Members of President Michelle Bachelet’s administration on Tuesday met with representatives of the Movement for Homosexual Integration and Liberation, an LGBT advocacy group, in Santiago, the Chilean capital, to finalize “an amicable settlement” in the case filed in 2012 on behalf of three same-sex couples who are seeking marriage rights in the South American country.
The Movement for Homosexual Integration and Liberation in a press release it posted to its website said the government’s decision to end opposition to nuptials for gays and lesbians in the Inter-American Commission on Human Rights case is part of a broader agreement that includes the introduction of a same-sex marriage bill in the Chilean Congress.
“We left the meeting very satisfied,” said the Movement for Homosexual Integration and Liberation. “We appreciate the government’s good disposition towards our proposals and principles, which stress that marriage equality is a human rights issue.”
Hunter T. Carter, a New York-based lawyer who represents the Movement for Homosexual Integration and Liberation in the Inter-American Commission on Human Rights case, also attended Tuesday’s meeting.
“We have reached an agreement in principle,” Carter told the Washington Blade on Tuesday during an interview on Skype from Santiago.
Civil unions ‘skim milk’ marriages
The meeting took place less than a month after a bill that would allow same-sex couples in the South American country to enter into civil unions received final approval.
Former President Sebastián Piñera backed civil unions, but his government argued against the “new definition of marriage” in a brief it filed in the Inter-American Commission on Human Rights case in late 2013. Representatives of the Movement for Homosexual Integration and Liberation last November met with members of Bachelet’s administration to discuss the lawsuit.
“The civil union law represented a significant advance in the rights of same-sex couples in Chile,” Carter told the Blade. “Working on it together with members of the Congress and the president’s team and various ministries provided an opportunity for thoughtful progress on each of the very many aspects, or the very many rights and obligations of marriage.”
“It will nevertheless always end up being a second-class or skim milk marriage,” he added. “So as long as marriage is available to anyone, it should be available to everyone on an equal basis.”
Jaime Parada Hoyl, a gay councilman in the wealthy Santiago enclave of Providencia, echoed Carter when he spoke with the Blade after the Chilean House of Representatives overwhelmingly approved the civil unions bill on Jan. 21.

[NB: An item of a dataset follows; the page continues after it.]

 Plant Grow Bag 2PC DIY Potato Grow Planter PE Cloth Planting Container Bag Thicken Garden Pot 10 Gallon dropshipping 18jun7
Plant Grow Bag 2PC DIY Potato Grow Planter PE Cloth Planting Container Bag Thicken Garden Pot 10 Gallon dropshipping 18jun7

“Chile today should be discussing marriage equality with good legislative work, and above all with political will,” said Parada.

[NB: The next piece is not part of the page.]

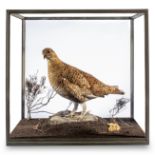 A Hen Grouse by Rowland Ward in glass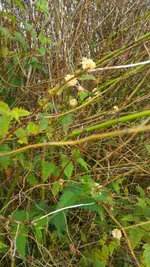 20180920_142315j.webp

Same-sex marriage ‘a right to other rights’
Javier Soto, a pastor from the resort city of Viña del Mar, is among the most outspoken critics of the expansion of relationship recognition and other rights to LGBT Chileans.

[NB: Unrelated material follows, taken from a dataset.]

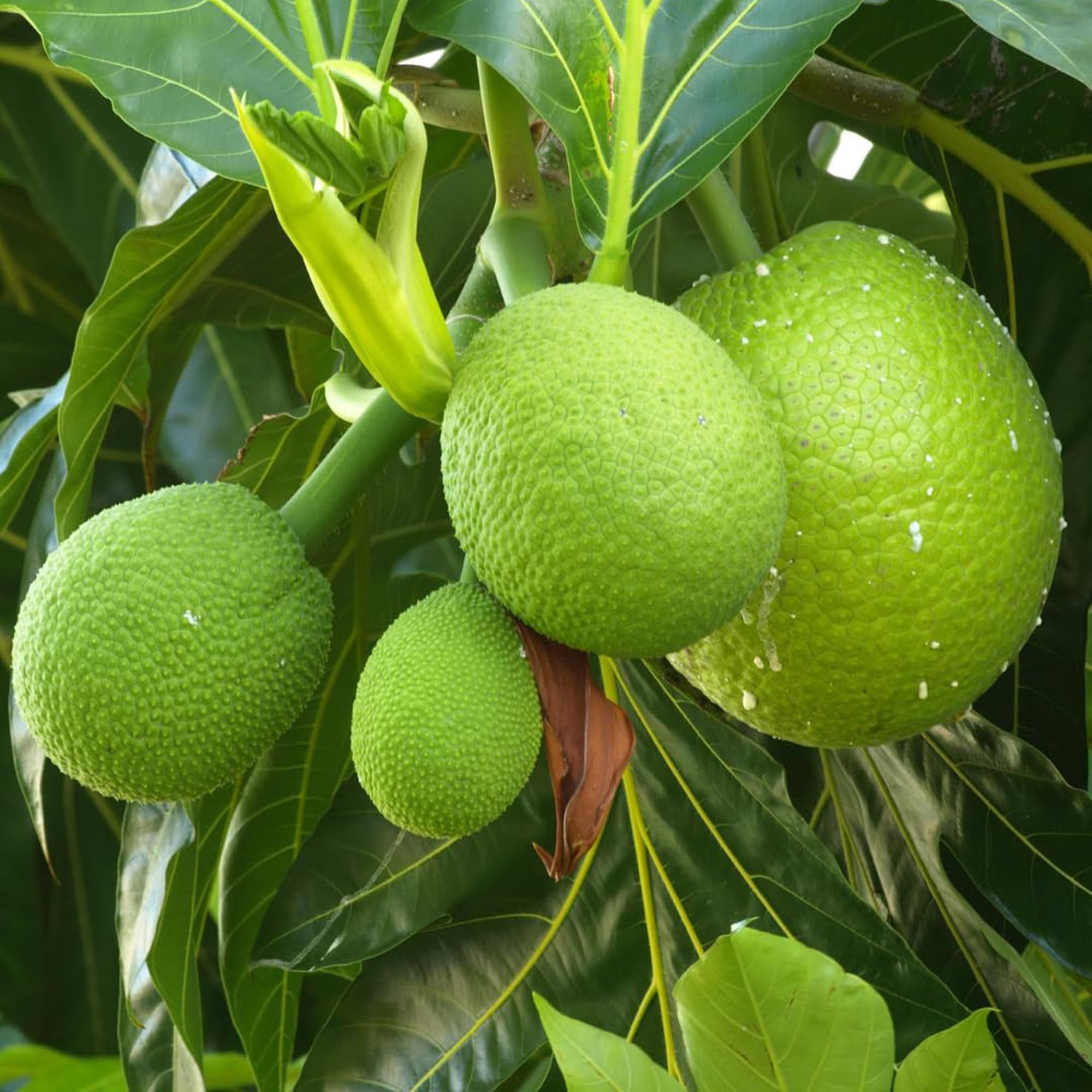Bread Fruit Plant (1.5-3 Feet Height)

He said God sparked a massive forest fire in the coastal city of Valparaíso last April because lawmakers were considering the civil unions measure.
Soto frequently confronts Rolando Jiménez, president of the Movement for Homosexual Integration and Liberation. The Chilean government last month announced it had filed a complaint against the pastor after he allegedly threatened gay Congressman Claudio Arriagada Macaya.
Carter told the Blade he did not see Soto when he left Tuesday’s meeting in Santiago.
“The legal sphere is what matters,” said Carter. “Civil, legal marriage is a group of rights that’s a right to other rights.”
The Movement for Homosexual Integration and Liberation on its website said the group and the government will sign a formal agreement in April.
It remains unclear when the Bachelet administration and the Movement for Homosexual Integration and Liberation will formally introduce the same-sex marriage bill in the Chilean Congress.
Carter told the Blade the lawsuit before the Inter-American Commission on Human Rights will move forward in spite of the Chilean government’s new position.
“We’re going to continue the fight,” he said. “We are not going to drop the case until marriage is enacted in Chile.”